--- Records supplied Enclosed Below ---

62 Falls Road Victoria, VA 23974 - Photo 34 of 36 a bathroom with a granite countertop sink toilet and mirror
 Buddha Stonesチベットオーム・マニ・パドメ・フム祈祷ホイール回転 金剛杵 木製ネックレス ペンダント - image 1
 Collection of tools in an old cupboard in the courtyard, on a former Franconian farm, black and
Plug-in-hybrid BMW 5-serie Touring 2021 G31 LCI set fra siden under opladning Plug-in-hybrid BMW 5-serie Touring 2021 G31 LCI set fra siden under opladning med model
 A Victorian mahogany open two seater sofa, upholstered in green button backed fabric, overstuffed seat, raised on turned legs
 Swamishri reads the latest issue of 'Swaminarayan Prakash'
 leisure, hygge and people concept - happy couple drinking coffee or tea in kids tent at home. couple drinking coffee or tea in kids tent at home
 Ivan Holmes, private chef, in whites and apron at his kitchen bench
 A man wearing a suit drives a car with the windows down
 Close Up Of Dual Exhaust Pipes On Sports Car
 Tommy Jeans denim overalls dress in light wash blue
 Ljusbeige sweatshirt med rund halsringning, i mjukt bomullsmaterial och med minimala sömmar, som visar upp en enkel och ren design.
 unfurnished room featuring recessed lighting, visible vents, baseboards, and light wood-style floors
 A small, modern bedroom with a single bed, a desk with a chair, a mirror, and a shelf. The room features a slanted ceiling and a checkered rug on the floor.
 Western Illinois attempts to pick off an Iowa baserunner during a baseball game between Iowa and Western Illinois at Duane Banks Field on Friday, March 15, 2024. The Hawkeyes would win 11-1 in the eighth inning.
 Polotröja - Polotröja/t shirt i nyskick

--- End of Enclosed Records supplied ---

▶ Task objective:
In the records above, retype exactly the lines from the one with "Western Illinois attempts" through the last one.

▶ Answer box:
 Western Illinois attempts to pick off an Iowa baserunner during a baseball game between Iowa and Western Illinois at Duane Banks Field on Friday, March 15, 2024. The Hawkeyes would win 11-1 in the eighth inning.
 Polotröja - Polotröja/t shirt i nyskick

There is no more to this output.